In a speech to Stanford in 2005, Jobs described his college experience in detail. "After six months, I couldn’t see the value in it. I had no idea what I wanted to do with my life and no idea how college was going to help me figure it out. And here I was spending all of the money my parents had saved their entire life. So I decided to drop out and trust that it would all work out OK."

"I didn’t have a dorm room, so I slept on the floor in friends’ rooms, I returned Coke bottles for the 5-cent deposits to buy food with, and I would walk the seven miles across town every Sunday night to get one good meal a week at the Hare Krishna temple."
Though he found it scary at the time, in hindsight he believed it was one of his best decisions.

Apple building

6. He poached John Sculley from PepsiCo, only to be fired by him later

In 1983 Jobs enticed Sculley away from the soft drinks manufacturer, saying: "Do you want to spend the rest of your life selling sugared water, or do you want a chance to change the world?" Sculley was initially enamoured of Jobs, and the two formed a firm friendship.

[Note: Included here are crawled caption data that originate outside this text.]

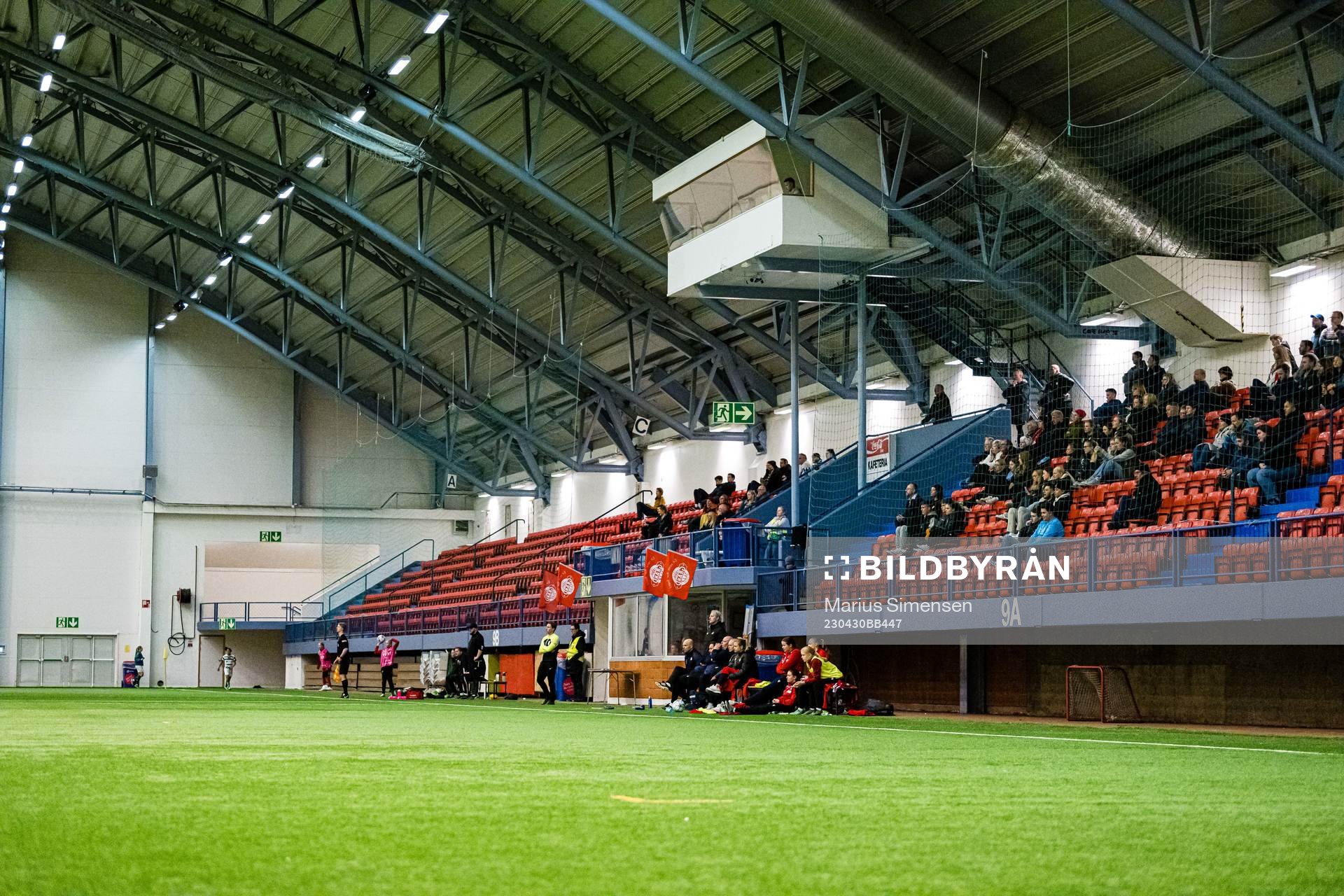 Spectators in the stands at Nordlandshallen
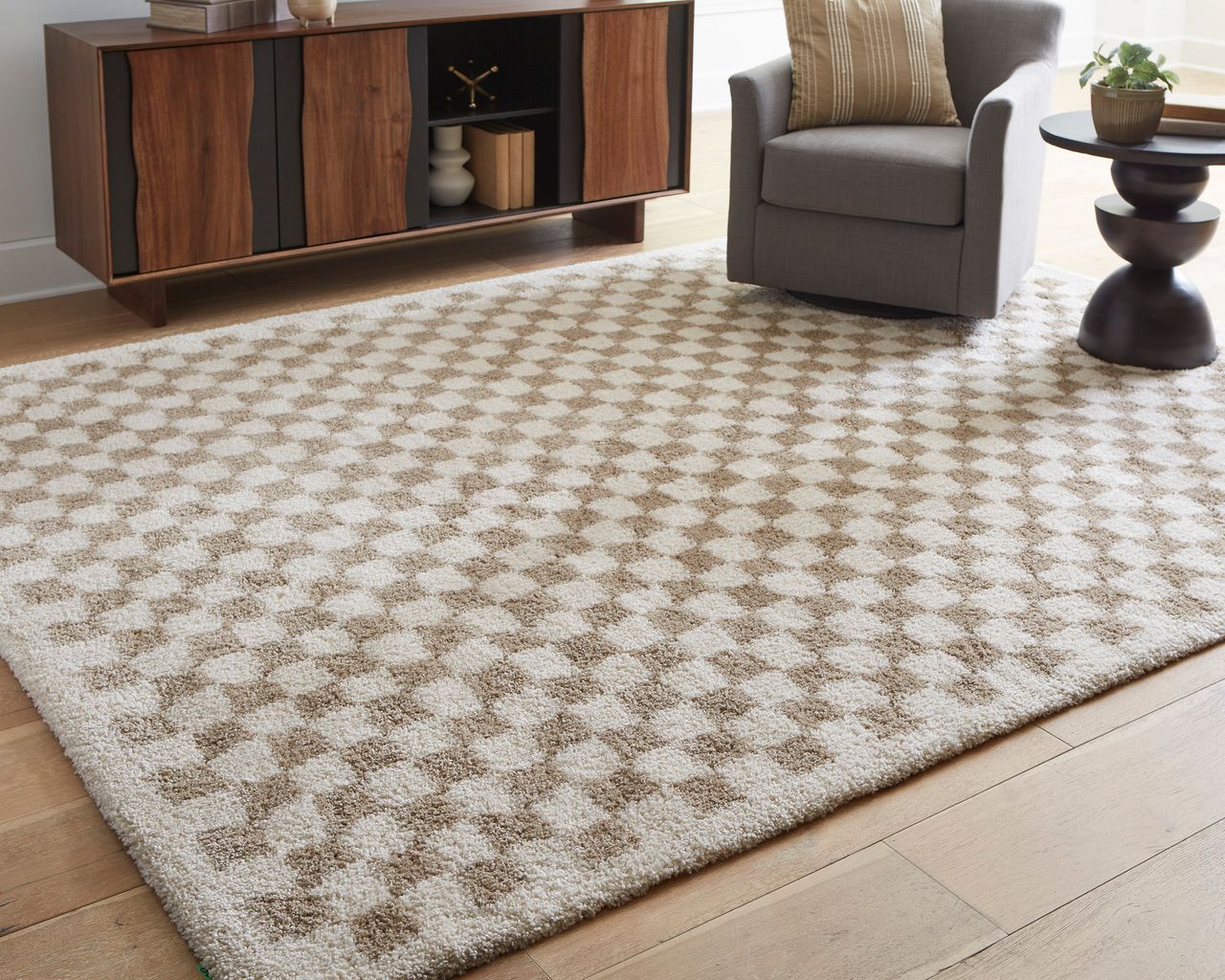 Karamen Large Rug In Taupe/Ivory R407341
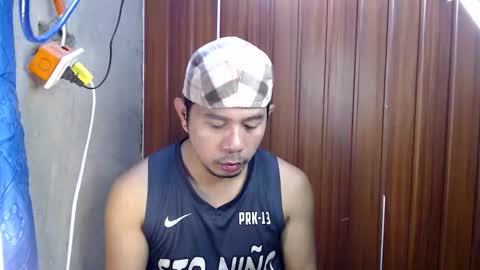 jjboy74472 online show from October 20, 2025, 7:42 am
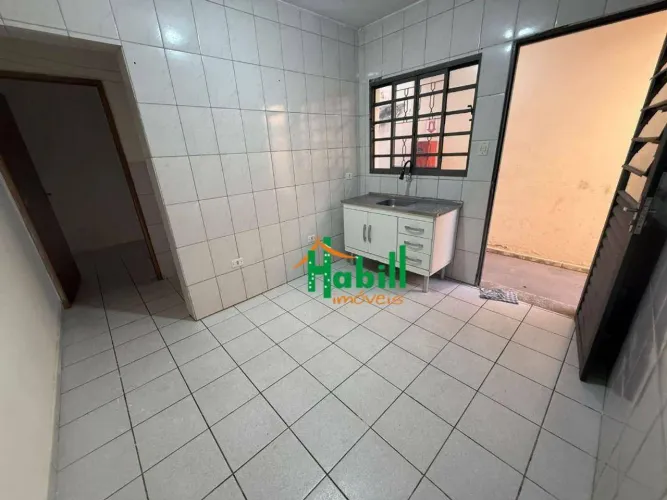 Casa com 2 dormitórios para alugar, 50 m² por R$ 1.350,00/mês - Centro - Suzano/SP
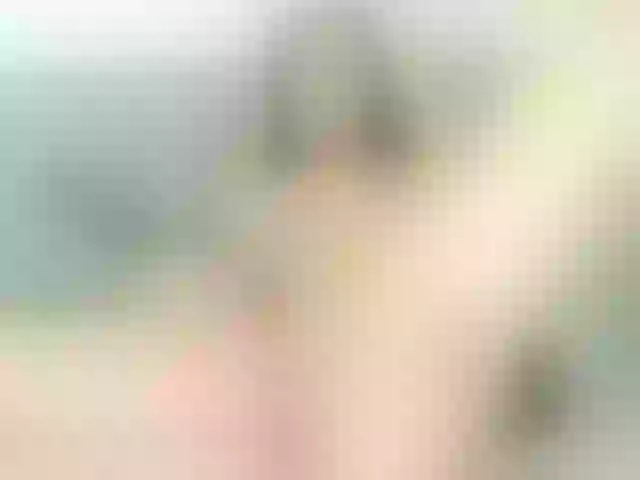 Live sex webcam photo for julianasexyy #276105195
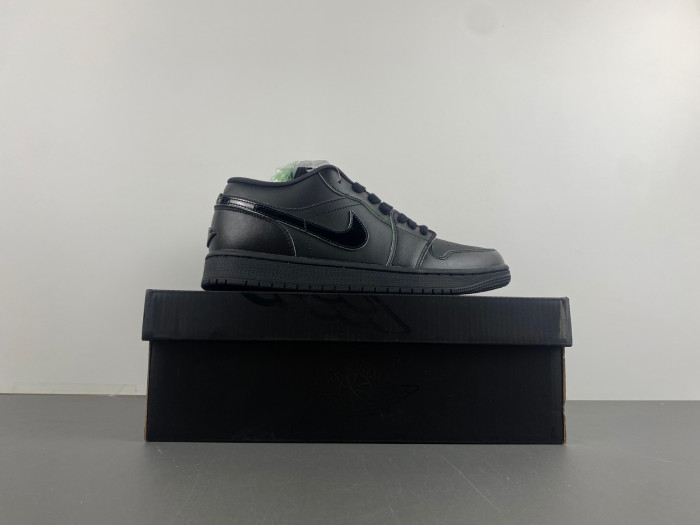 AIR JORDAN 1 Retro Low HM3690-001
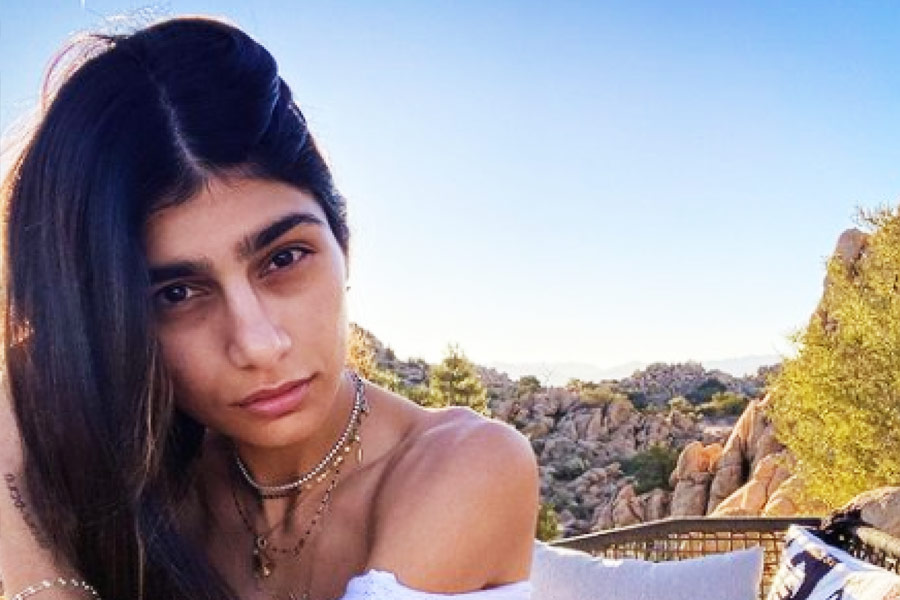 Mia Khalifa social media.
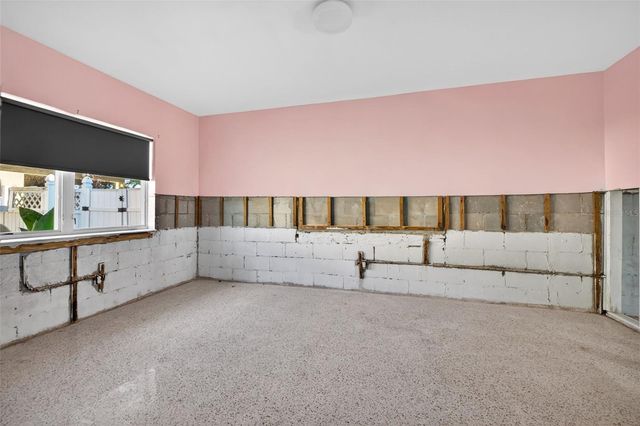 316 89TH AVENUE NE, St Petersburg, FL 33702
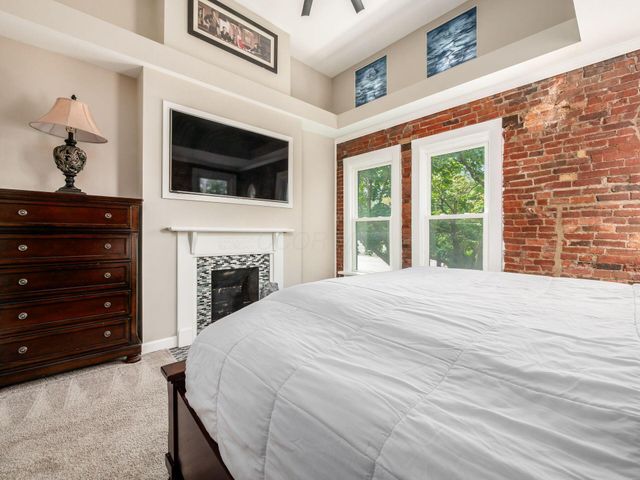 30 W 4th Avenue, Columbus, OH 43201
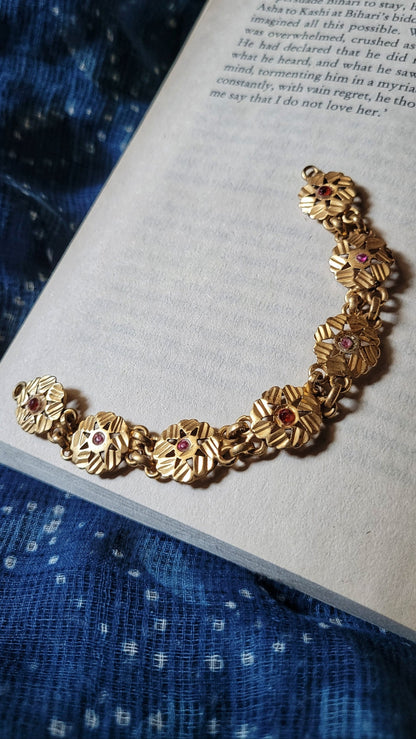 Side view of Aam ka Murabba Vintage Necklace in pure silver with vintage detailing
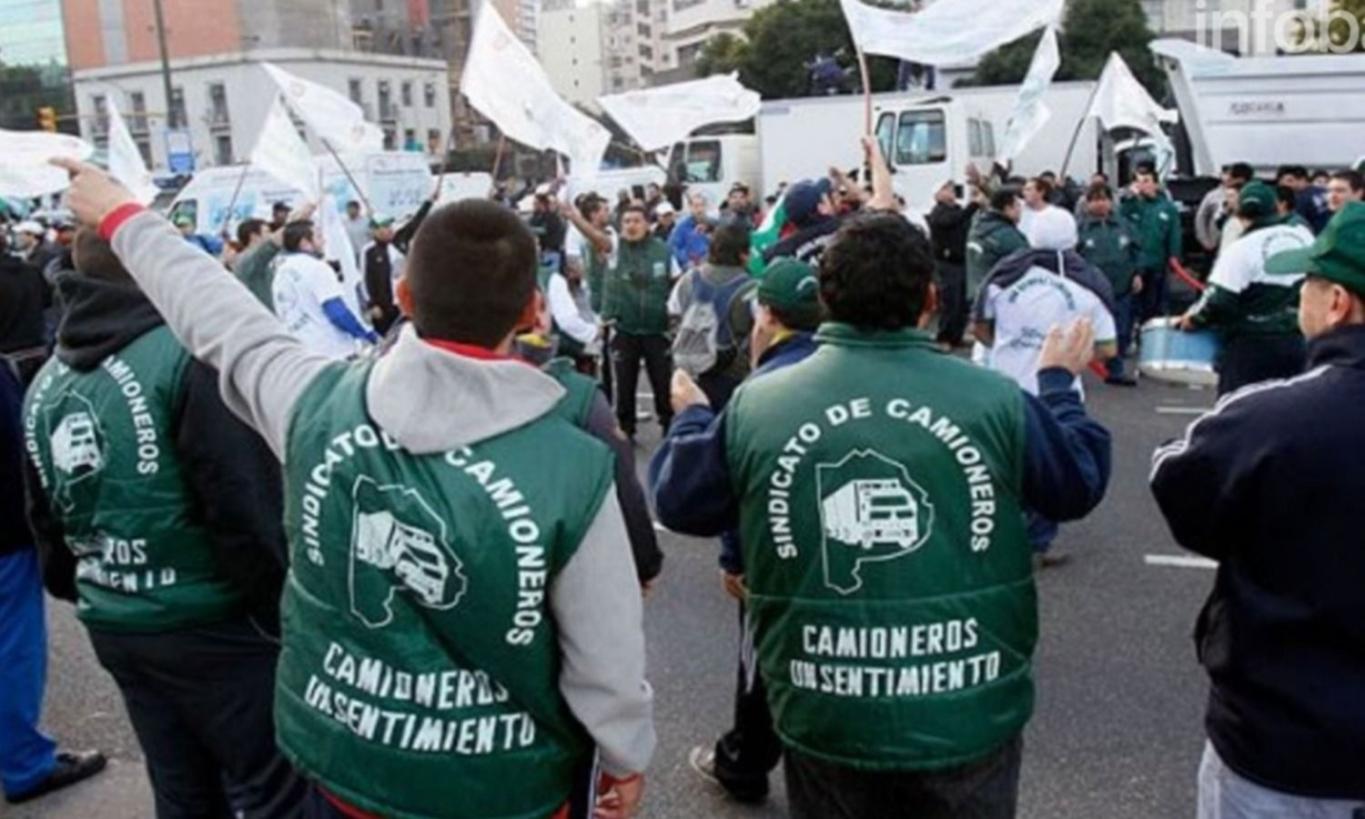 Los gremios suman presión y exigen cerrar paritarias por encima  de la pauta que quiere el Gobierno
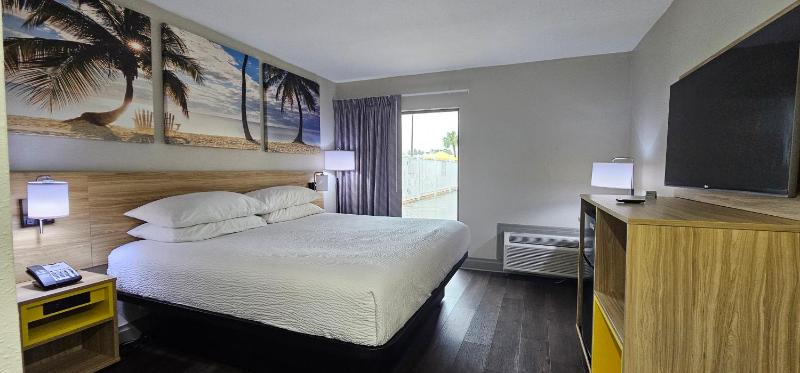 Days Inn & Suites by Wyndham Tampa/Fairground/Casino Area - image 19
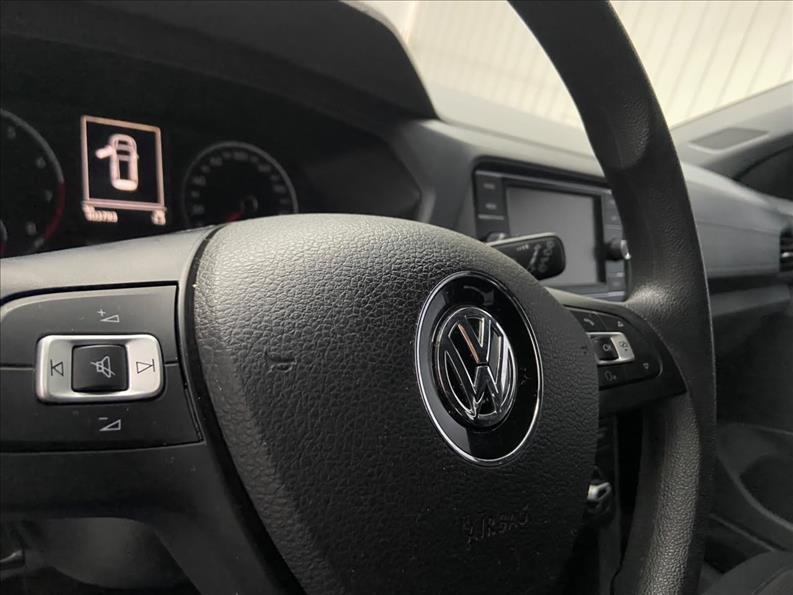 VOLKSWAGEN T-Cross - Foto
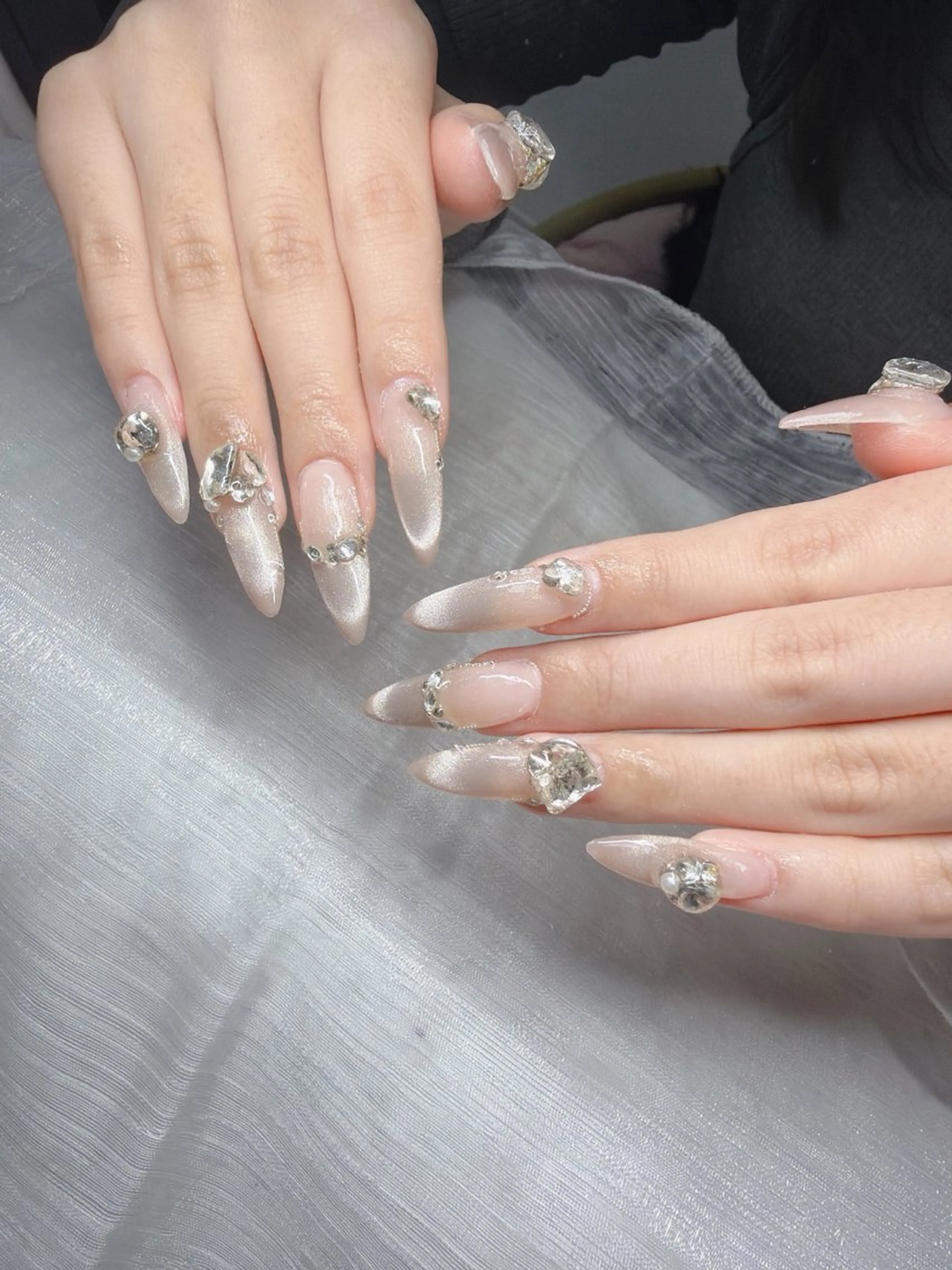 ネイル ハンドネイル Lee Nailsのネイルデザイン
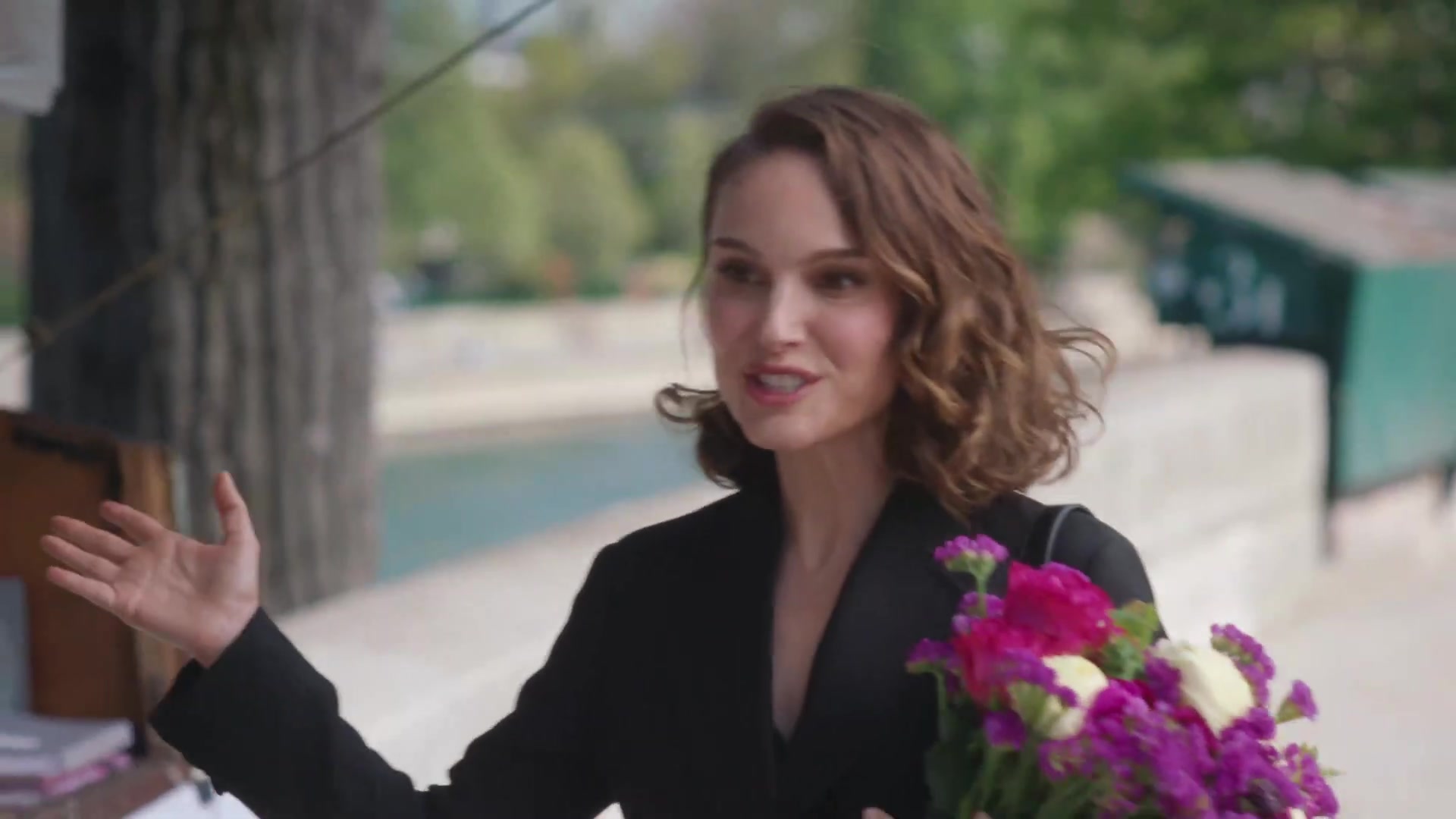 Miss_Dior_-_A_Miss_in_Paris_Episode_3-00_00_04_680.jpeg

Following the failure of Macintosh to sell, the Apple board demanded that Sculley contain the Apple founder. Jobs attempted to instigate a coup, and Sculley was furious. Not long after Jobs challenged the board to choose between the pair and discovered he had lost their support, and was effectively booted out of his own company.

7. He named a computer after the daughter he had out of wedlock

Speaking to his biographer Walter Isaacson towards the end of his life, Jobs admitted he had named one of the first Apple computers after his daughter Lisa. In a parallel to the life of his parents, Jobs was aged 23 when his girlfriend Chrisann Brennan fell pregnant. He denied paternity for years, even claiming he was infertile despite testing positive for fatherhood. Speaking to Time magazine, Jobs said: "28 percent of the male population in the United States could be the father". His daughter later reconnected with him, with Jobs paying for her to go to Harvard. She is now a journalist.

8. He dated folk singer Joan Baez

Baez was introduced to Jobs by her sister Mimi Farina. Aged 27, Jobs was 14 years Baez’s junior. "It turned into a serious relationship between two accidental friends who became lovers," he said. His college friend Elizabeth Holmes later said Jobs was attracted to Baez because of her former relationship with Bob Dylan, a man Jobs would later meet in 2004. "I was also afraid that he wouldn’t be really smart anymore, that he’d be a caricature of himself, like happens to a lot of people," Jobs said. "But I was delighted. He was as sharp as a tack. He was everything I’d hoped."

Bob Dylan in concert

9. His car carried no licence plate, only a barcode

Jobs’ car would occasionally be photographed showing the licence plate had been removed, revealing a barcode below. An investigation by iPhone Savior revealed that other cars have barcodes hidden beneath the licence plate, and the fine in California for not displaying one is around $250, with no exemptions. Either he was happy to pay the fine, or the law is not enforced stringently enough for him to have cared.

10. He scored his first internship aged 12 with Hewlett Packard

Building a frequency counter for a school project, Jobs had trouble finding some parts. Someone suggested he phone Bill Hewlett, an engineer and co-founder at the company, and on picking up the phone, Hewlett spoke to Jobs about his project. He was so impressed that he offered Jobs a summer internship.